START EXTRACTED ENTRIES
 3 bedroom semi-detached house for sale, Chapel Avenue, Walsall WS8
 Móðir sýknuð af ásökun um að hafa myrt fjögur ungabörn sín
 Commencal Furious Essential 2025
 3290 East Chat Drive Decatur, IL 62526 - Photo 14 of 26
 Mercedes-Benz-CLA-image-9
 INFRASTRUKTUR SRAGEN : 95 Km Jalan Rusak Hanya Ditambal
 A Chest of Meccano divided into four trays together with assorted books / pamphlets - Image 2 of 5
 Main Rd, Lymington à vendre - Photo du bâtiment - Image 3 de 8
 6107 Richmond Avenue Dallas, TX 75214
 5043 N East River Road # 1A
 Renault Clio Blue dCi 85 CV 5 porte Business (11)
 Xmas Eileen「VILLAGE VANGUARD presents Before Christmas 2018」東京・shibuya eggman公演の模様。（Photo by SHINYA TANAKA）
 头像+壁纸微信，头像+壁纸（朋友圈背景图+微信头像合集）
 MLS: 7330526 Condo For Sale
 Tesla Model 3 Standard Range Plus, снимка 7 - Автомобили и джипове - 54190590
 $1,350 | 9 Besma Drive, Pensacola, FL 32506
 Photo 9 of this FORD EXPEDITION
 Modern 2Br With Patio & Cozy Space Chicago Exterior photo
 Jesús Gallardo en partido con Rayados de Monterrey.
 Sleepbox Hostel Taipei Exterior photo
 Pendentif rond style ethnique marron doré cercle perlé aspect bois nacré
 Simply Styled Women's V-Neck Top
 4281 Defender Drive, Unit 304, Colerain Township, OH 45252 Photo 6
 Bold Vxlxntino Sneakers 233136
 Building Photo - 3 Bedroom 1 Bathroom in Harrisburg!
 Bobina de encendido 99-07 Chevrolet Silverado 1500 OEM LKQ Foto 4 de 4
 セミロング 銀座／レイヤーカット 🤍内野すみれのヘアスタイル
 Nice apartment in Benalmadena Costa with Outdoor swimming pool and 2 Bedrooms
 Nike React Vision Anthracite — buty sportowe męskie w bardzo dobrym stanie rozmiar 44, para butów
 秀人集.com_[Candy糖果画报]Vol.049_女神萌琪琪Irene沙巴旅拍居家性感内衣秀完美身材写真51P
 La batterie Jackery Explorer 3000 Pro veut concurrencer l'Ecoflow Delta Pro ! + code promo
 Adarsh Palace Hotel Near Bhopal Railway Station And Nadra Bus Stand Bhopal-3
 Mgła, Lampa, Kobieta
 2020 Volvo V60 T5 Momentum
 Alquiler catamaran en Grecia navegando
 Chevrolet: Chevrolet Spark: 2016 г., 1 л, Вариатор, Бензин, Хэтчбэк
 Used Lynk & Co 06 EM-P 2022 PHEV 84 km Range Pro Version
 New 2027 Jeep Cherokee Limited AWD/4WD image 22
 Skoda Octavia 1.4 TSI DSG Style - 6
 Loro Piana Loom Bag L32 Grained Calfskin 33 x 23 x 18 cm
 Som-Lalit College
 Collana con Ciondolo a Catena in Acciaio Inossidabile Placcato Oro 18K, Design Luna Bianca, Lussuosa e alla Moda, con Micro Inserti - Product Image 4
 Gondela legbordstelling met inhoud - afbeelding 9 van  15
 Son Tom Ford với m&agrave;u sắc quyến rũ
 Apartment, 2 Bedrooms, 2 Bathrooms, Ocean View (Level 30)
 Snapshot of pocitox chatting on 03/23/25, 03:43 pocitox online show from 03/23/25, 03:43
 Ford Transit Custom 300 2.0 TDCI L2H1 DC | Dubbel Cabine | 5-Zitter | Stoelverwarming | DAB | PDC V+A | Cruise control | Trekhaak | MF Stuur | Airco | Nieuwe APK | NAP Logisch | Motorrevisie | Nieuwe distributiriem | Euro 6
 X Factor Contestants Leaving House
END EXTRACTED ENTRIES
EXERCISE REQUIREMENTS: Transcribe each line of the data above, unaltered, from the one where "Pendentif rond style" appears to the one where "Bold Vxlxntino Sneakers 233136" appears, inclusive of both.

TASK OUTPUT:
 Pendentif rond style ethnique marron doré cercle perlé aspect bois nacré
 Simply Styled Women's V-Neck Top
 4281 Defender Drive, Unit 304, Colerain Township, OH 45252 Photo 6
 Bold Vxlxntino Sneakers 233136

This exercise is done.